There's no denying that DiCaprio's performance here is the craziest he's done and arguably his going-all-out, over-the-top barbaric best. Belfort, obsessed with a reality of himself that could only possibly remain temporary, is cut from the same cloth of DiCaprio's Gatsby earlier this year. Just hopped up on coke. He drives a white Lamborghini, lives in a beautiful mansion, fuels his mind on a cocktail of drugs, commands his office like the leader of a clan and carelessly drunk-pilots his helicopter which otherwise rests perched atop his extravagant yacht.

There are a number of great scenes. The film's best is actually its quietest moment when Belfort sits face-to-face meeting the very FBI agent (Kyle Chandler) trying to take him down. Watch the conversation weave against Belfort's favor and his expression morph when he realizes it's not going his way. The polar opposite is a scene where Jonah Hill's Donnie Azoff, in a performance that's like a whacked-out version of his Oscar-nominated turn in "Moneyball," takes aged lemmon quaaludes with his co-conspirator Belfort. They slam a fistful of pills, rendering them rolling on the ground useless, slurring their speech and hardly in control of their motor skills. It's slapstick absurdity, and it's an unsettling riot.

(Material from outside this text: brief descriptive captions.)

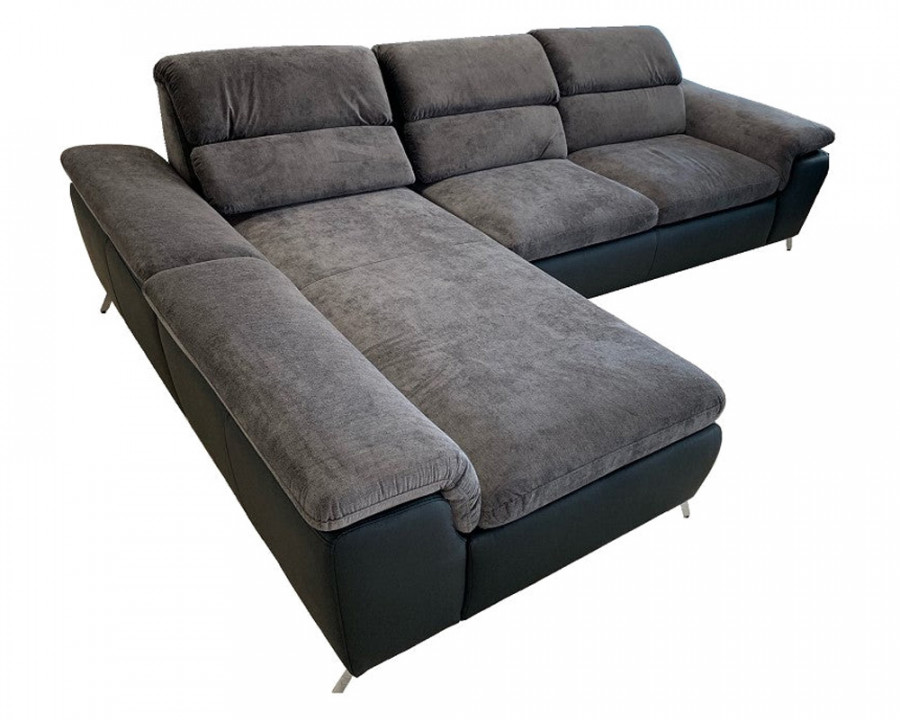 Maxima - Loco Sectional Sofa Bed in Gray/Black, Fabric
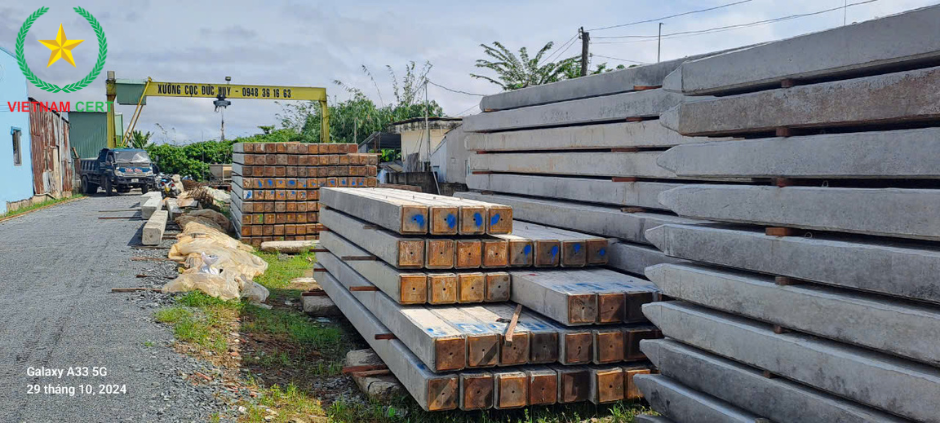 Công ty Đức Huy đạt chứng nhận TCVN 9394:2012 cho sản phẩm cọc vuông bê tông cốt thép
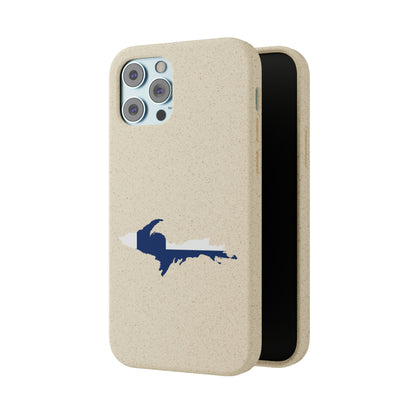 Michigan Upper Peninsula Biodegradable Phone Cases (w/ UP Finland Flag Outline) | Apple iPhone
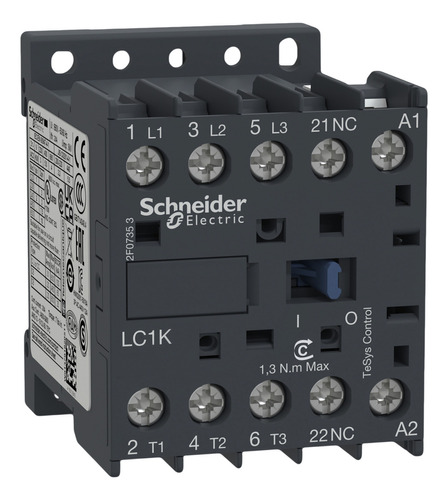 Contactor Tripolar Tesys K 16a 7,5kw 1nc 220v Mini Schneider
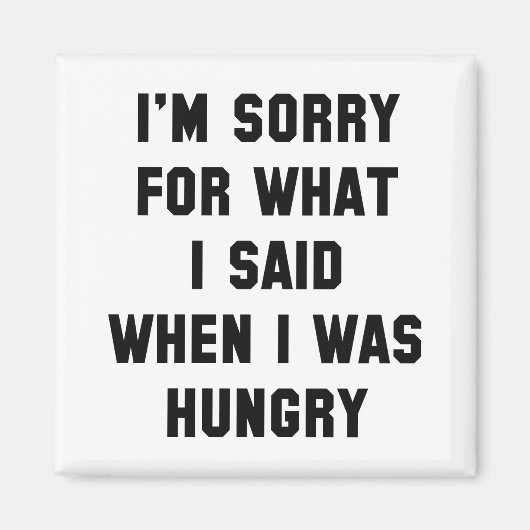 I’m Sorry For What I Said Magnet (Vorne)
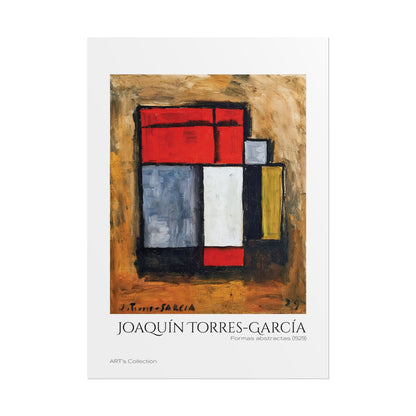 Formas abstractas (1929) by Joaquín Torres-García  / Affiche imprimée - Série ART's Collection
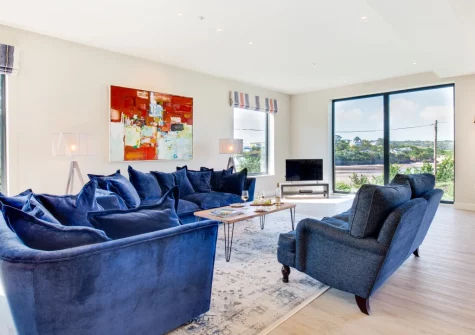 The living area at Bryn Benar, Abersoch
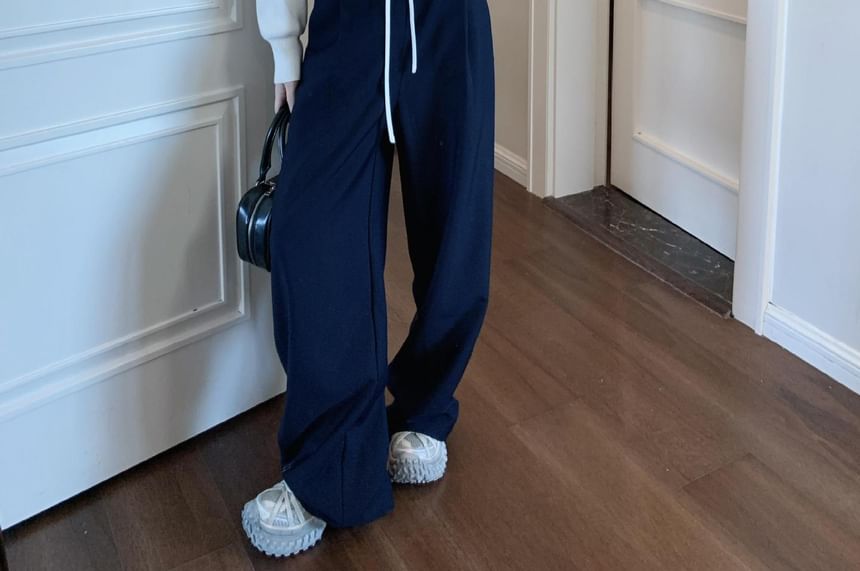 Collared Basic Zip Cardigan Set with Lace Top and Sweatpants
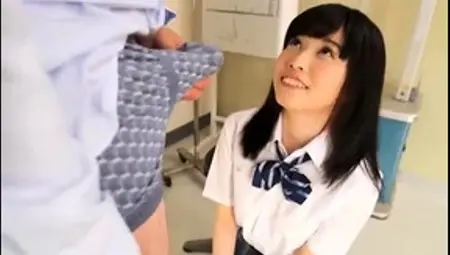 Uniform Japanese Girls Kiss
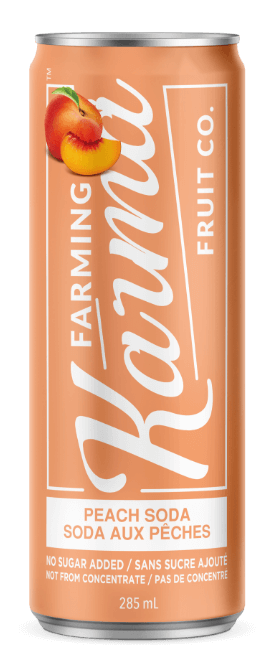 Farming Karma - Peach Soda (not from concentrate/no sugar added)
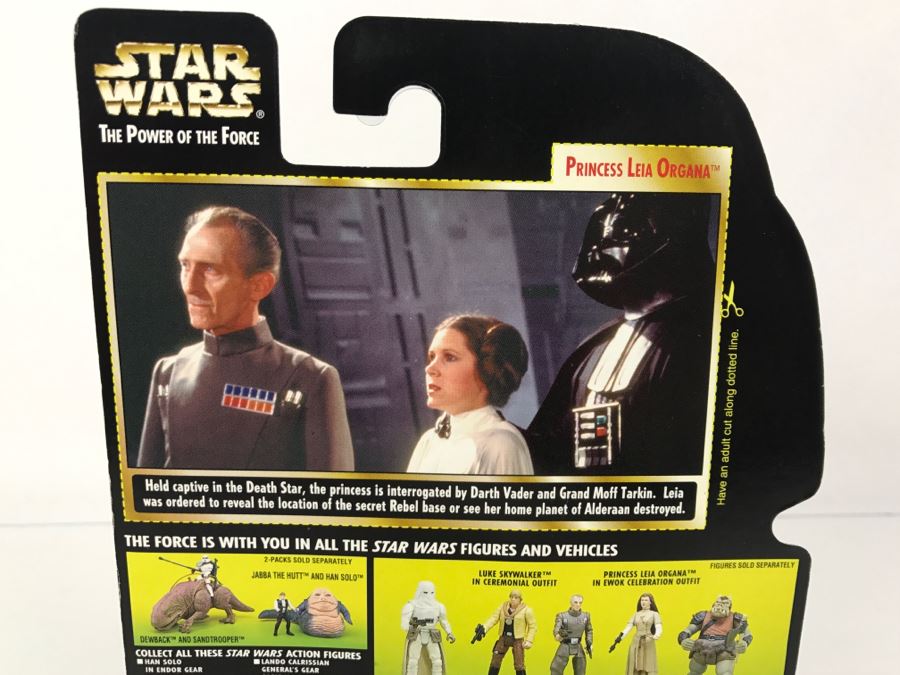 STAR WARS The Power Of The Force Princess Leia Organa With Blaster Rifle And Long Barreled Pistol Freeze Frame Action Slide Collection 1 Kenner Hasbro 1997 69570/69824 New On Card [Photo 10]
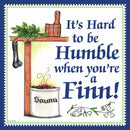 Finnish Souvenirs Magnetic Tile: (Humble Finn)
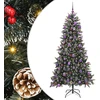 Dirbtinė Kalėdų eglutė Žalia 210 cm PVC, plastikas ir plienas
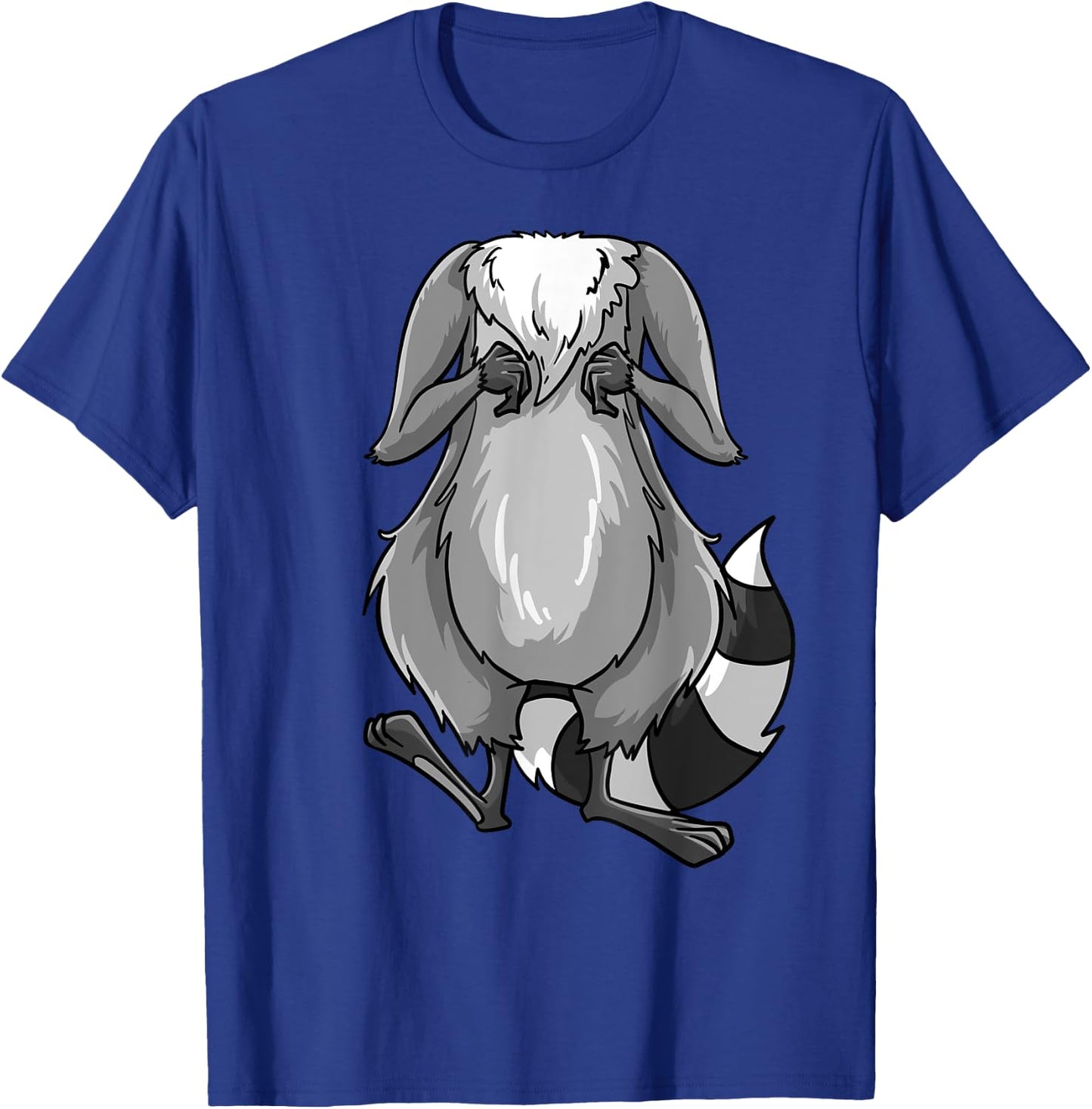Cool Headless Raccoon Halloween Costume Funny Lazy DIY Gift T-Shirt - T-Shirt | Royal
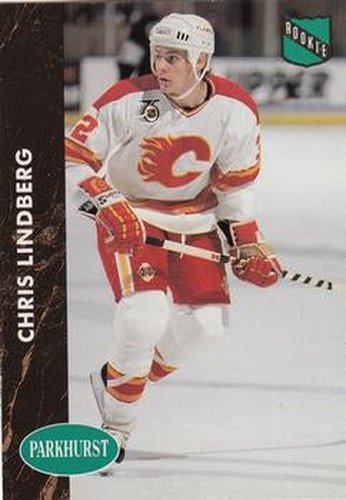 #251 Chris Lindberg - Calgary Flames - 1991-92 Parkhurst Hockey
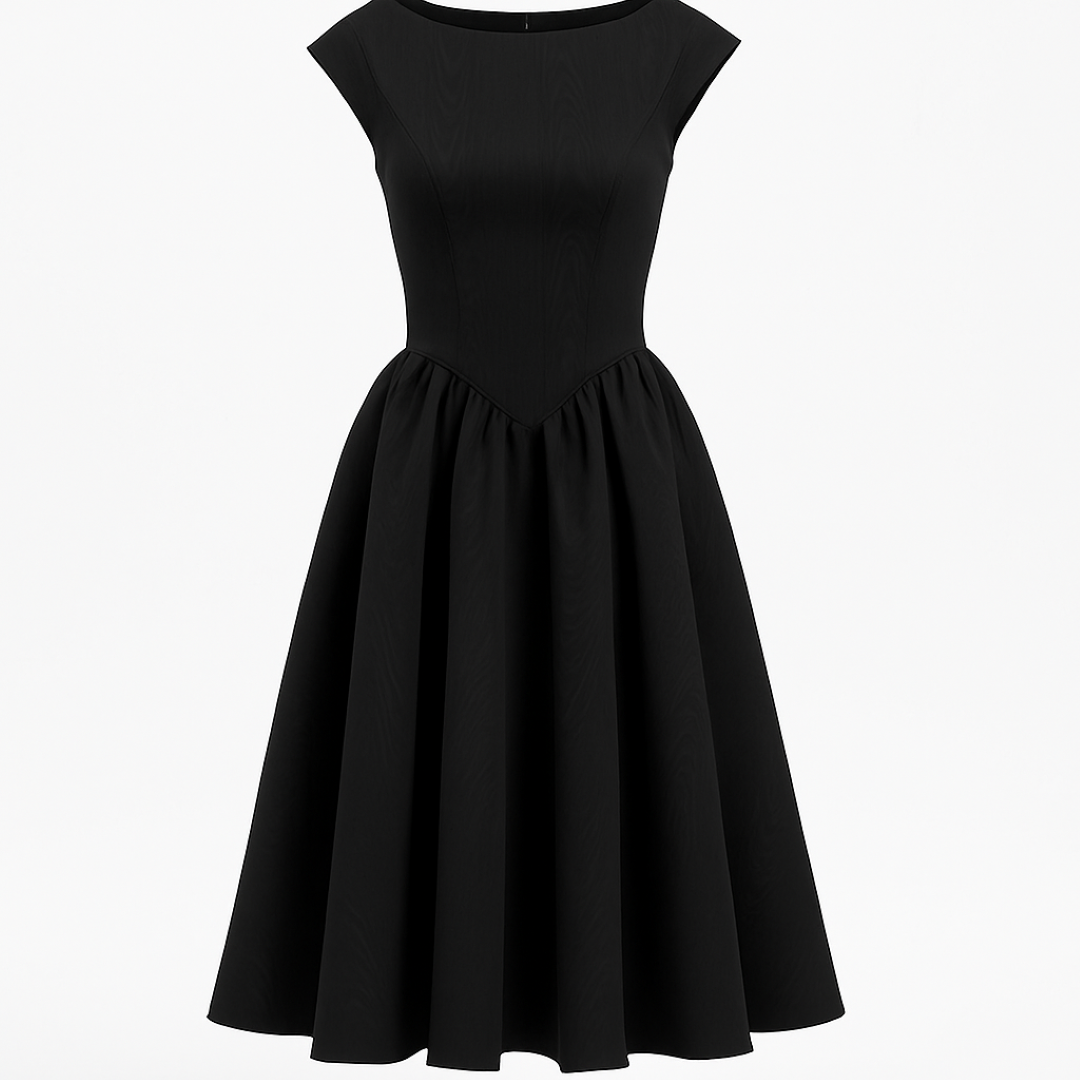 Abito midi nero con schiena scoperta Donna - Nera S - abito abito midi Bestsellers Dames donna dresses Jurken Kleding midi schiena scoperta - Concept Palermo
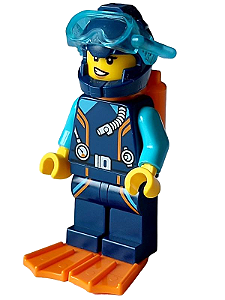 Minifigura Lego City - Mergulhadora Exploradora do Ártico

Matthew McConaughey (still thin from "Dallas Buyers Club") drops by in two early scenes and steals the show, showing a young, eager, not yet tainted Belfort the ropes of brokering, mandating he masturbate two times a day in order to stay sharp. Later, when the seasoned Belfort shouts in a microphone to his crowded, rowdy room of sleazy brokers eager like a room full of horny frat boys, the movie is firing on all cylinders.

It's pop-pop, bang-bang, non-stop all the time in "Wolf." Keeping that momentum up drains an audience who's awaiting an outcome other than the bitterly predictable. Go out with something for us to gnaw on, mull over about the depravity and dark underbelly of the American dream, of the get rich quick mentality. The live-wire energy is there and never not boring, and it's a grandiose display of sensationalism and crass capitalism, but in the end, what's it all for?